The `workdir` of task is default to the current working directory, or, in the case of remote execution, the remote counterpart of the current working directory. The `workdir` must be under one of the named paths.

Option `workdir` controls the working directory of the task. For example, the following step downloads a file to the `resource` directory using [action `download`](download.html).

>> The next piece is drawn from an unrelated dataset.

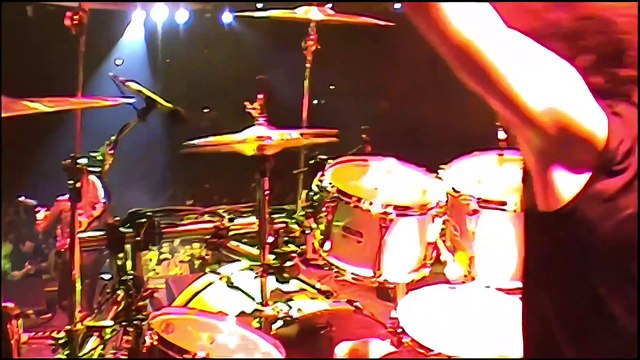 Judas Priest - The Hellion / Electric Eye (Reunited) [4K Remastered AI Upscaled]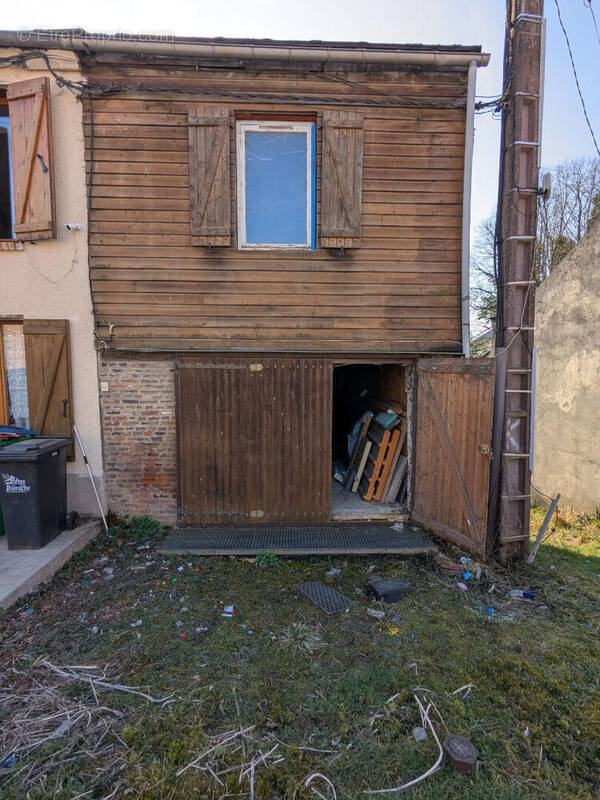 Maison à MONTCORNET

Note that SoS creates `workdir` if it does not exist.

In [1]:
task: queue='localhost', workdir='resource'

download:
  ftp://speedtest.tele2.net/512KB.zip

0,1,2,3,4
,85ea891331ab4bcb,5057fa441d6e1755cell_5c57eee2user_guide,Ran for < 5 seconds,completed


In [2]:
!ls resource

512KB.zip


## Sending additional files before task execution (Option `to_host`)

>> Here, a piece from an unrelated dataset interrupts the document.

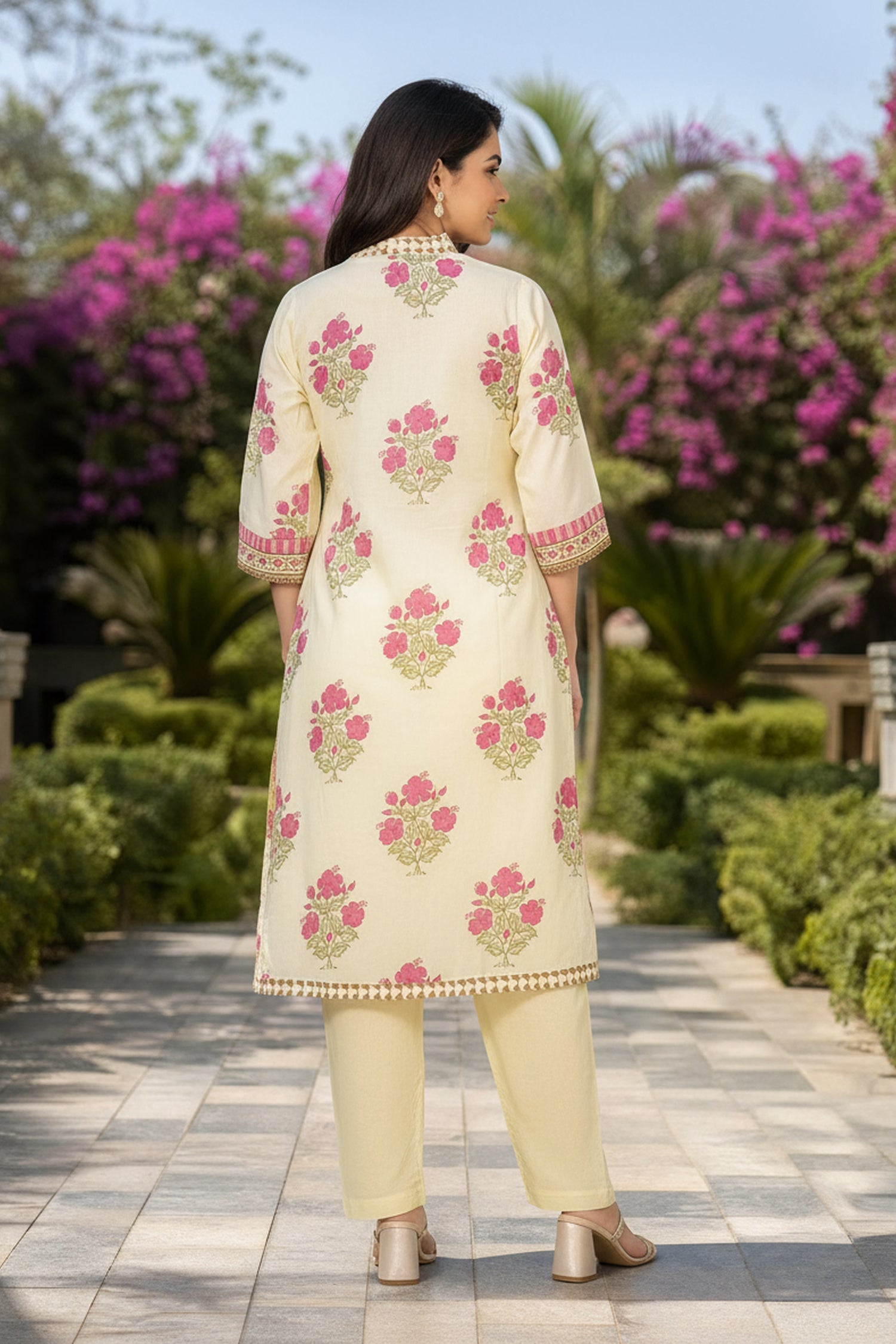 Off-White Floral Printed A-Line Kurta Co-Ord Set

Option `to_host` specifies additional files or directories that would be synchronized to the remote host before tasks are executed. It can be specified as

* A single file or directory (with respect to local file system), or
* A list of files or directories, or

The files or directories will be translated using the host-specific path maps. Note that if a symbolic link is specified in `to_host`, both the symbolic link and the path it refers to would be synchronized to the remote host.

Just to demontrate how to use this option, let us copy all notebooks in this directory to a remote host and count the number of them.

In [3]:
%preview -n wc.txt 
output: 'wc.txt'
task: to_host='task*.ipynb', queue='bcb' 
sh: expand=True
  wc -l *.ipynb > {_output}

0,1,2,3,4
,9e7b75df6a5d3767,5b7627b1ac52aa8fscratch_0user_guide,Ran for < 5 seconds,missing


     363 task_files.ipynb
     386 task_management.ipynb
     817 task_statement.ipynb
     223 task_tags.ipynb
     390 task_template.ipynb

## Retrieving additional files after task completion (Option `from_host`)

Option `from_host` specifies additional files or directories that would be synchronized from the remote host after tasks are executed. It can be specified as

* A single file or directory (with respect to local file system), or
* A list of files or directories, or

The files or directories will be translated using the host-specific path maps to determine what remote files to retrieve.

## Absolute paths and named paths

The use of relative paths are highly recommended because relative paths are not system dependent. Although `data/sample1.csv` can be under different paths on local and remote hosts, SoS handles the mapping of current project directory and `data/sample1.csv` would represent the same file under local and remote hosts.

If you have to specify an absolute path, you will need to specify them with named patchs as follows:

In [7]:
%run -r htc-headnode

output: '#home/sos/sos-docs/src/user_guide/random_output.txt'

import random
with open(_output, 'w') as out:
  out.write(f'Random number is {random.randint(0, 1000)}')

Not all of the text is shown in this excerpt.